13.03 Remedies. Upon each occurrence of an Event of Default and so long as such Event of Default shall be continuing, Landlord may at any time thereafter at its election:
(a) Rescission of the Lease. Landlord may rescind this Lease. If Landlord rescinds this Lease, Landlord may recover from Tenant the sum of the following amounts which will constitute damages and losses (“daños y perjuicios”): all Base Rent and all other amounts accrued hereunder to the date of such rescission; the value of any free or reduced rent provided for in this Lease; the cost of removing and storing Tenant’s or any other occupant’s property, repairing, altering, remodeling, or otherwise putting the Premises into condition acceptable to a new tenant or tenants, and all reasonable expenses incurred by Landlord in pursuing its remedies, including reasonable attorneys’ fees and court costs; and the excess of the then present value of the Base Rent and other amounts payable by Tenant under this Lease as would otherwise have been required to be paid by Tenant to Landlord during the period following the rescission of this Lease measured from the date of such rescission to the expiration date stated in this Lease, over the present value of any net amounts which Tenant establishes Landlord can reasonably expect to recover by releasing the Premises for such period, taking into consideration the availability of acceptable tenants, the time period to secure future tenants (and the commencement of the payment of rents), and other market conditions affecting leasing. Such present values shall be calculated at a discount rate equal to the ninety (90) day United States of America Treasury bill rate at the date of such rescission.

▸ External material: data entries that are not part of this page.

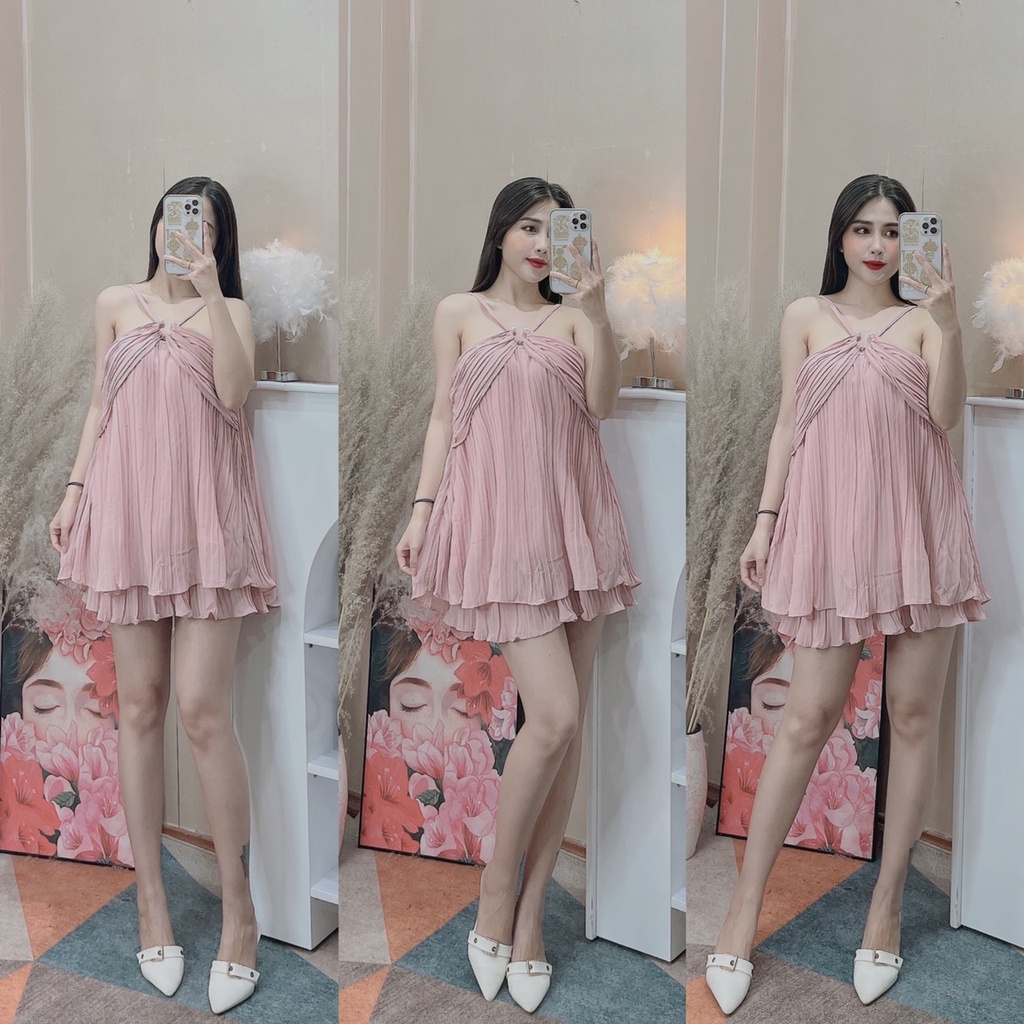 Set bộ nữ áo cổ yếm xẻ ngực kèm quần dập li thời trangI Trần Hân Shop 4012343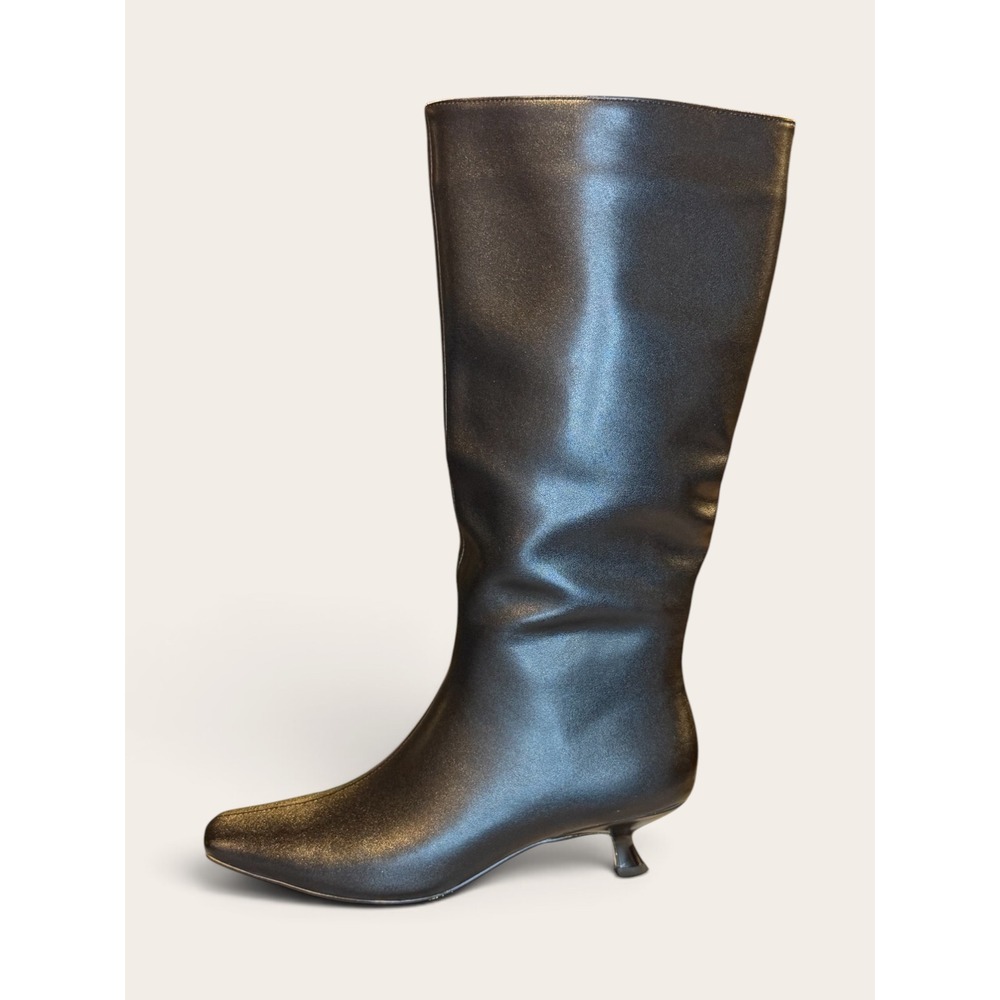 JilTrdWei Womens Black Faux Leather Knee High Boots Square Toe Kitten Heel 6.5
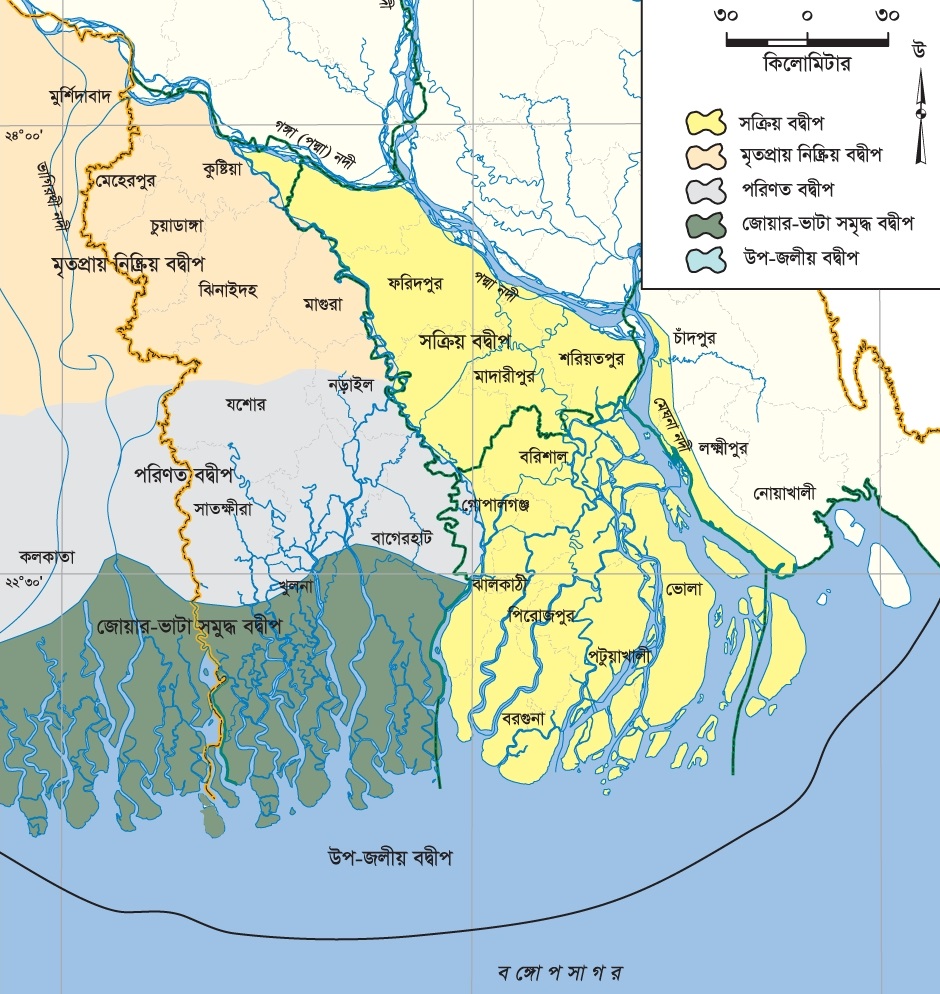 বঙ্গীয়-বদ্বীপের মানচিত্র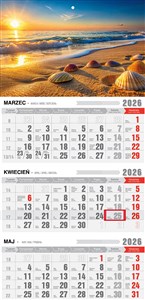 Obrazek Kalendarz 2026 trójdzielny ekonomiczny Plaża KTE VE14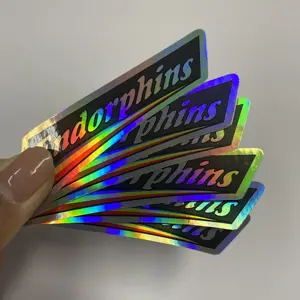 Autocollant holographique laser arc-en-ciel étanche avec logo personnalisé pour ordinateur portable Etiquette décorative holographique à paillettes découpées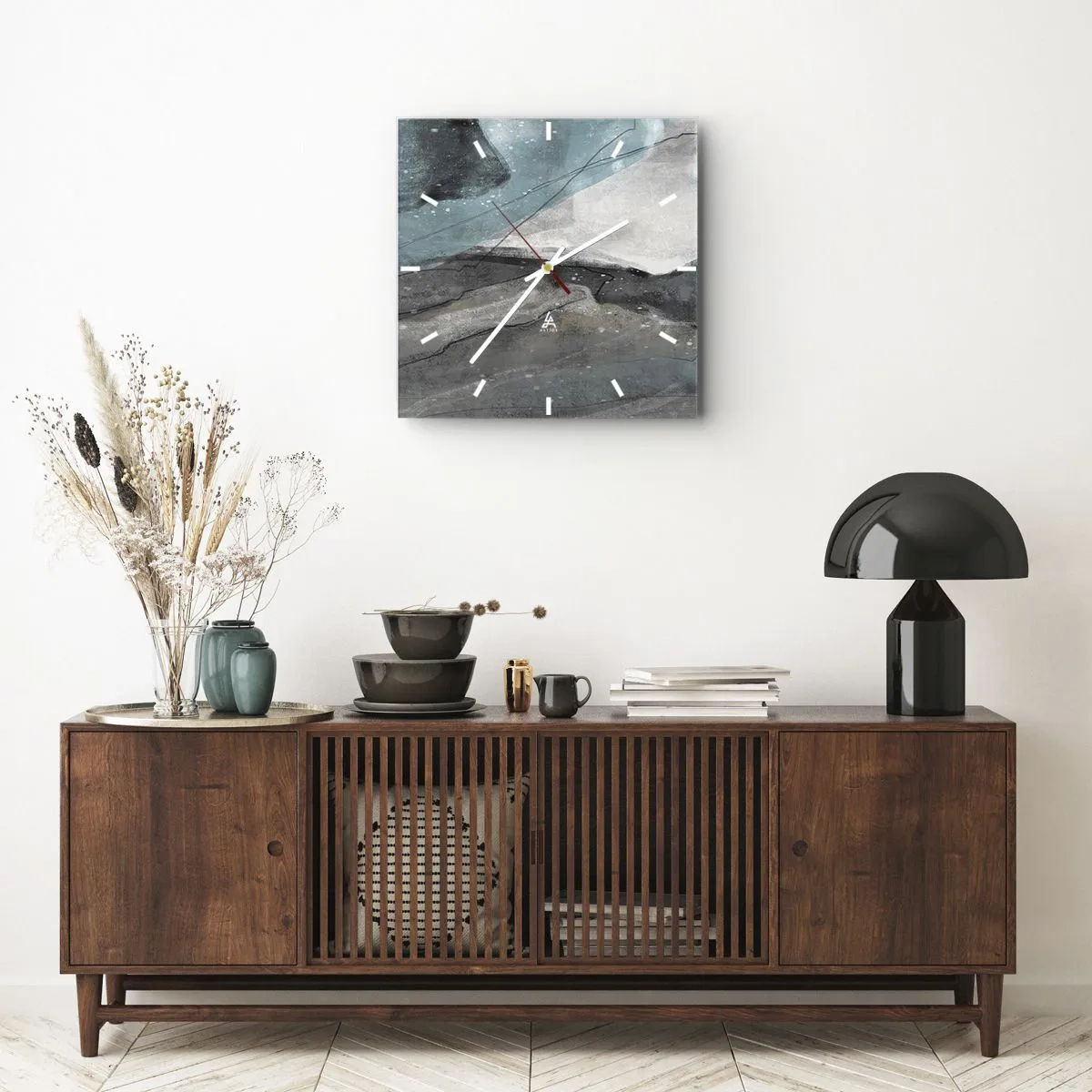 Wall clock - Clock on glass - Abstract: Rocks and Ice - 40x40 cm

(b) Waiver. Any law, usage, or custom to the contrary notwithstanding, Landlord shall have the right at all times to enforce the provisions of this Lease in strict accordance with the terms hereof; and the failure of Landlord at any time to enforce its rights under this Lease strictly in accordance with same shall not be construed as having created a custom in any way or manner contrary to the specific terms, provisions, and covenants of this Lease or as having modified the same. Tenant and Landlord further agree that forbearance or waiver by Landlord to enforce its rights pursuant to this Lease at law, shall not be a waiver of Landlord’s right to enforce one or more of its rights in connection with any subsequent default. A receipt by Landlord of rent or other payment with knowledge of the breach of any covenant hereof shall not be deemed a waiver of such breach, and no waiver by Landlord of any provision of this Lease shall be deemed to have been made unless expressed in writing and signed by Landlord.

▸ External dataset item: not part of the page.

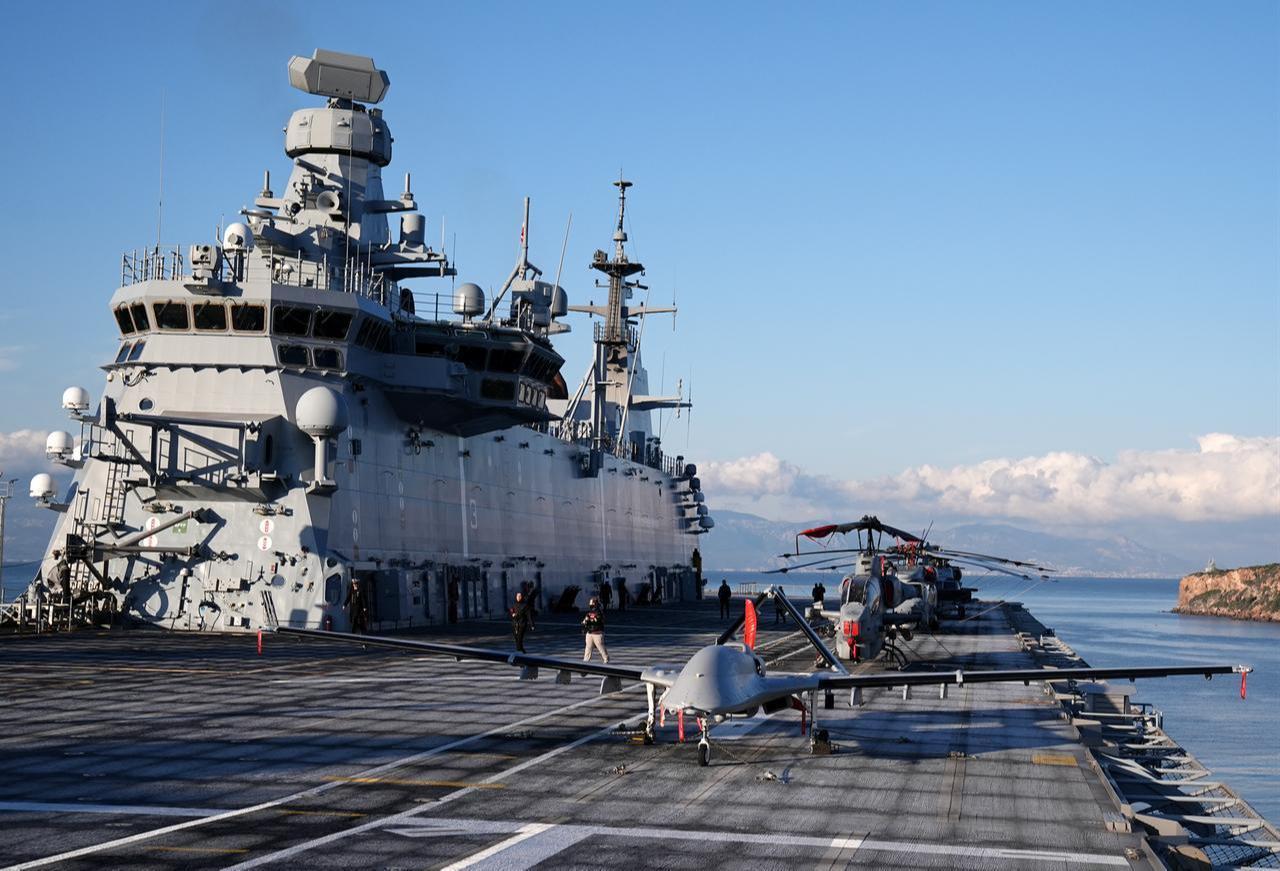TCG Anadolu and the naval aviation assets of the Anatolian Turkish Maritime Task Force during a ceremony held in Foca, Izmir, on January 20, 2026. (AA Photo)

(c) Additional Remedies. Landlord may pursue any other remedy now or hereafter available to Landlord under the laws or judicial decisions of the state in which the Property is located.
13.04 Damages and Losses. On any termination or rescission, Landlord’s damages and losses will include all costs and fees, including reasonable attorneys’ fees that Landlord incurs in connection with any court or other court proceeding with respect to the Lease, or the pursuing of any action with respect to Landlord’s right to possession of the Premises. All such damages and losses suffered (apart from Rent payable hereunder) will be paid to Landlord prior to assumption of the Lease by Tenant or any successor to Tenant in any bankruptcy or other proceedings.

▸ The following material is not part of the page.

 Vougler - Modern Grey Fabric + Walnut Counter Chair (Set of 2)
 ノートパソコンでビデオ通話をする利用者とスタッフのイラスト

13.05 Notice to Landlord. Tenant will give written notice of any failure by Landlord to perform any of its obligations under this Lease to Landlord and to mortgagee or beneficiary under any Security Document (as defined in Section 14.01) encumbering the Property whose name and address have been furnished to Tenant. Landlord will not be in default under this Lease unless Landlord (or such mortgagee or beneficiary) fails to cure such non-performance within thirty (30) days after receipt of Tenant’s notice or such longer period as may be required to diligently complete such matter. If Landlord (or such mortgagee or beneficiary) can not perform any of its obligations due to events beyond its reasonable control, the time provided for performing such obligations will be extended by a period of time equal to the duration of such events. Events beyond Landlord’s reasonable control include, but are not limited to, acts of God, force majeure, war, civil commotion, labor disputes, strikes, fire, flood or other casualty or weather conditions, shortages of labor or material, and Legal Requirements.
13.06 Landlord’s Right to Cure. Upon the occurrence of an Event of Default by Tenant under this Lease, Landlord will have the right (but is not required) to perform such obligation and, if necessary, to enter upon the Premises as allowed by applicable Mexican laws. All costs incurred by Landlord in connection with such performance (together with interest at the rate of ten percent (10%) per annum) will be deemed to be Additional Rent under this Lease and will be payable to Landlord immediately on demand. Landlord may exercise the foregoing rights without waiving any of its other rights or releasing Tenant from any of its obligations under this Lease.

 

-20-


 

13.07 Security Deposit. Upon the execution of this Lease, Tenant will deposit with Landlord the Security Deposit. Landlord may, at its option, after the occurrence of an Event of Default apply all or part of the Security Deposit to any unpaid Rent or other charges due from Tenant, cure any other Event of Default of Tenant, or compensate Landlord for any loss or damage which Landlord may suffer due to an Event of Default. If Landlord uses any part of the Security Deposit, Tenant will restore the Security Deposit to its full amount within ten (10) days after Landlord’s request. No interest will be paid on the Security Deposit. The Security Deposit may be commingled with other funds of Landlord. Upon expiration of the Lease Term, or earlier termination of this Lease, and after Tenant has vacated and surrendered the Premises in the manner required by this Lease, Landlord will return to Tenant any balance of the Security Deposit not applied pursuant to this Section. If the Security Deposit is in the form of an unconditional, irrevocable letter of credit, such letter of credit will be issued by a financial institution and in a form acceptable to Landlord.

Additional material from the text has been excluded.